## What the exercise asks
The output should match, line for line, the records from the line containing "Серый Ауди А4" through the line containing "9 to 5-Long Sleeve Premium Tee", with every picture left out.

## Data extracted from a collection

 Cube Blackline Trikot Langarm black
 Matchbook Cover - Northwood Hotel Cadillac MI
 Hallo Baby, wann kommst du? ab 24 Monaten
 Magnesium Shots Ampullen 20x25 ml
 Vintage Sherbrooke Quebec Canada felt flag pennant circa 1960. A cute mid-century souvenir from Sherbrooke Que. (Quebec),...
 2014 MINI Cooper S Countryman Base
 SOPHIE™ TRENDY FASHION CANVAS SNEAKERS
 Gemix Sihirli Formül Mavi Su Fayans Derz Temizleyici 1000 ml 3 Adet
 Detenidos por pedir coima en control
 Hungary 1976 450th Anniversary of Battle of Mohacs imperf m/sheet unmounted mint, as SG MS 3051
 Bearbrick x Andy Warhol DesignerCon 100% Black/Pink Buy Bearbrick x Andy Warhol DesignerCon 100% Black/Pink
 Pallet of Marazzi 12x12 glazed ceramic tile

...

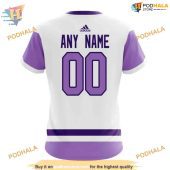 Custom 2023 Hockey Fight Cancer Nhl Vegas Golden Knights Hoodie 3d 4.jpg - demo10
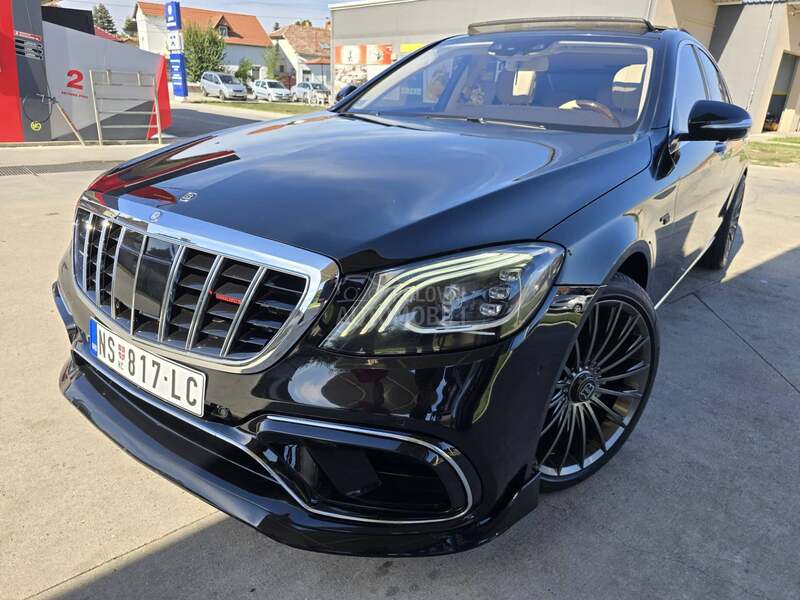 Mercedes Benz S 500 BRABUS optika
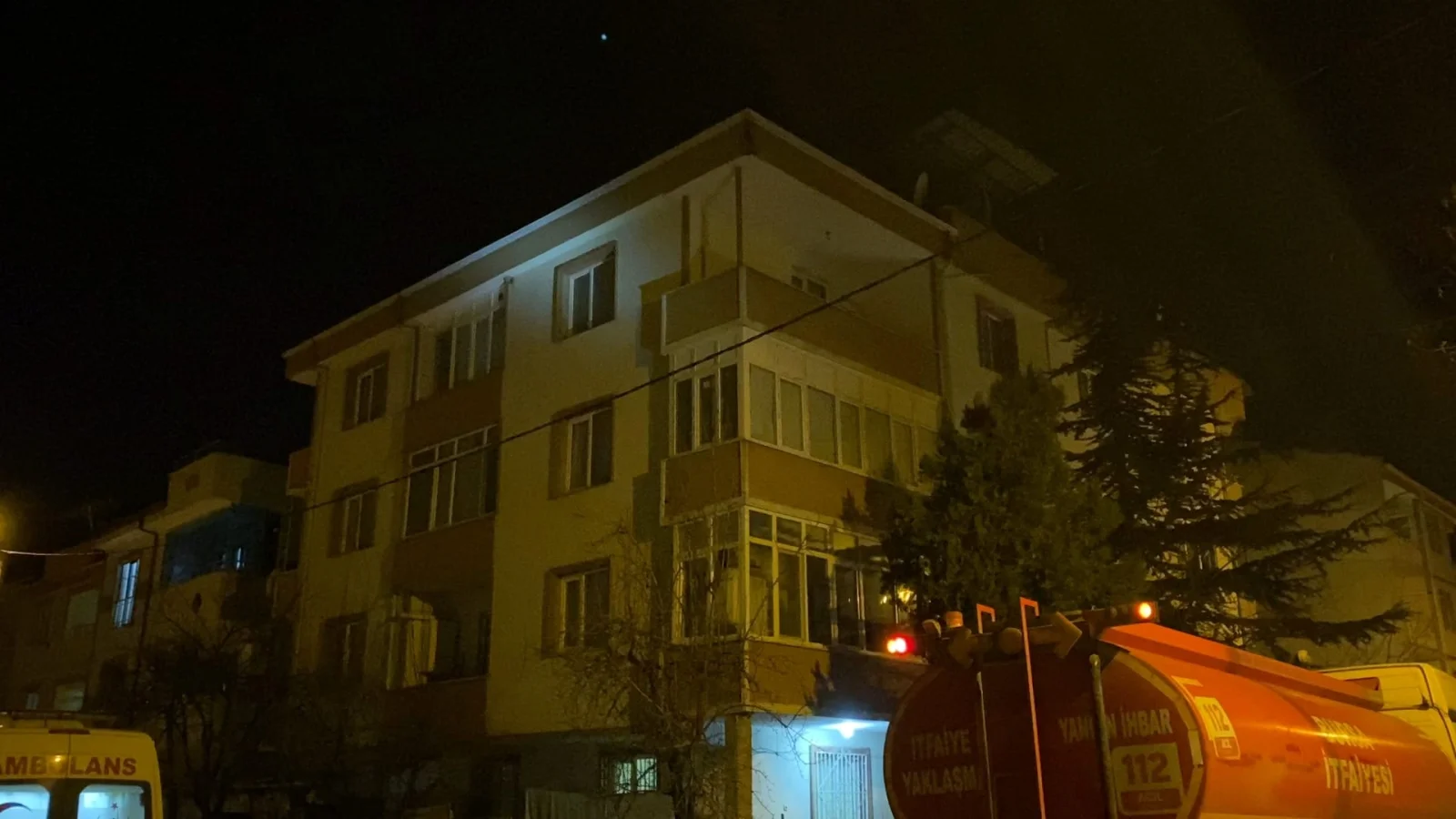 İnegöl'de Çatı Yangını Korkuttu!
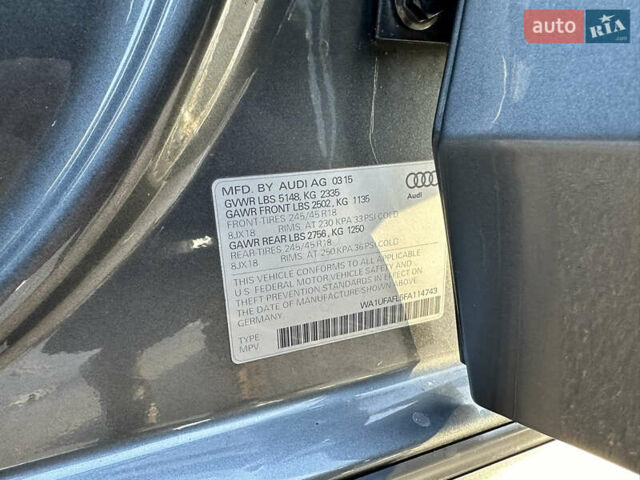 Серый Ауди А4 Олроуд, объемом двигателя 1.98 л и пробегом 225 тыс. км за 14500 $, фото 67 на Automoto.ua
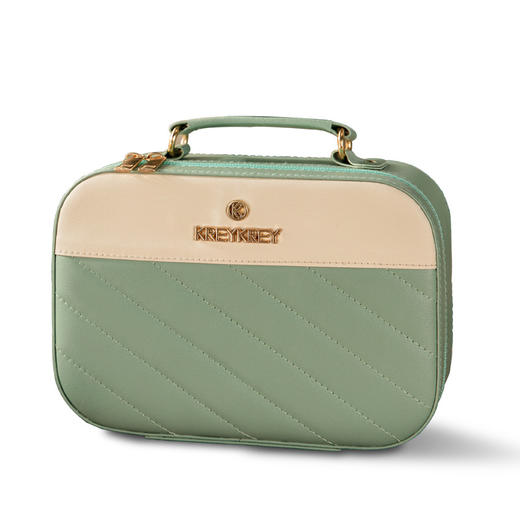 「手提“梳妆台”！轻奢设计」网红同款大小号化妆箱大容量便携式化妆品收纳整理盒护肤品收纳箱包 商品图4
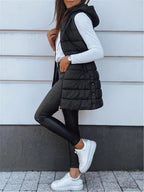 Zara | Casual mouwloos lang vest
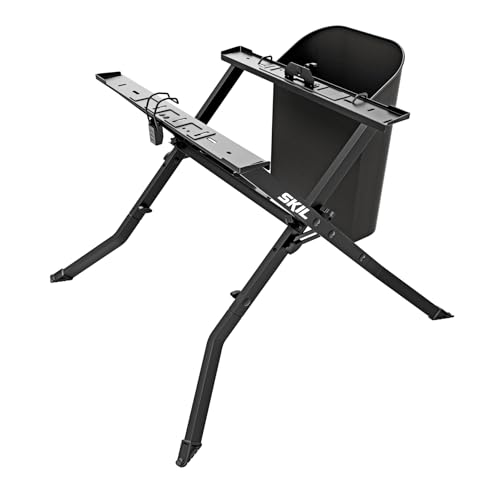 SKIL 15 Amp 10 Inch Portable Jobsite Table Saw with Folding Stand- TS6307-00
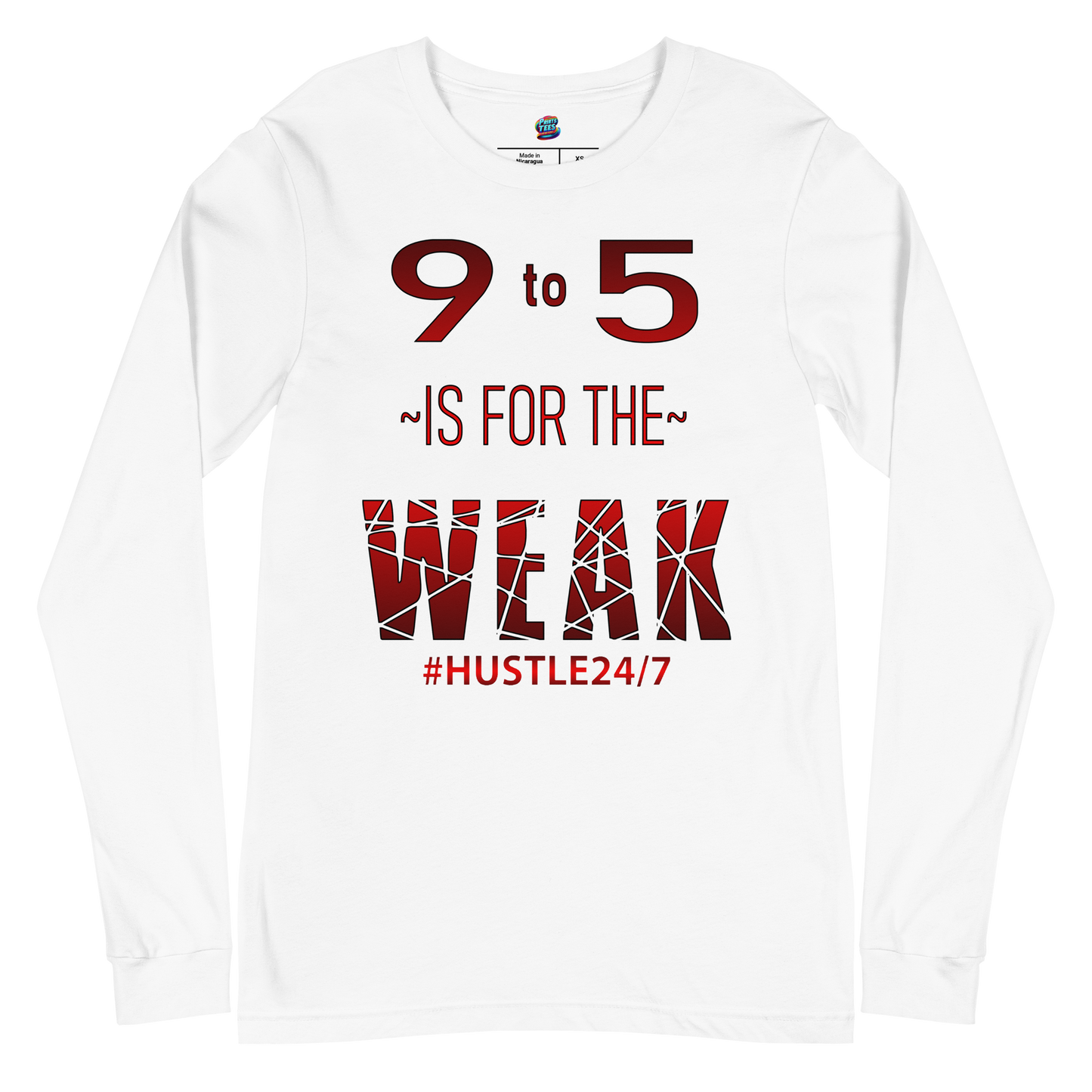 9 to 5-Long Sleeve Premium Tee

## Answer section
 Серый Ауди А4 Олроуд, объемом двигателя 1.98 л и пробегом 225 тыс. км за 14500 $, фото 67 на Automoto.ua
 「手提“梳妆台”！轻奢设计」网红同款大小号化妆箱大容量便携式化妆品收纳整理盒护肤品收纳箱包 商品图4
 Zara | Casual mouwloos lang vest
 SKIL 15 Amp 10 Inch Portable Jobsite Table Saw with Folding Stand- TS6307-00
 9 to 5-Long Sleeve Premium Tee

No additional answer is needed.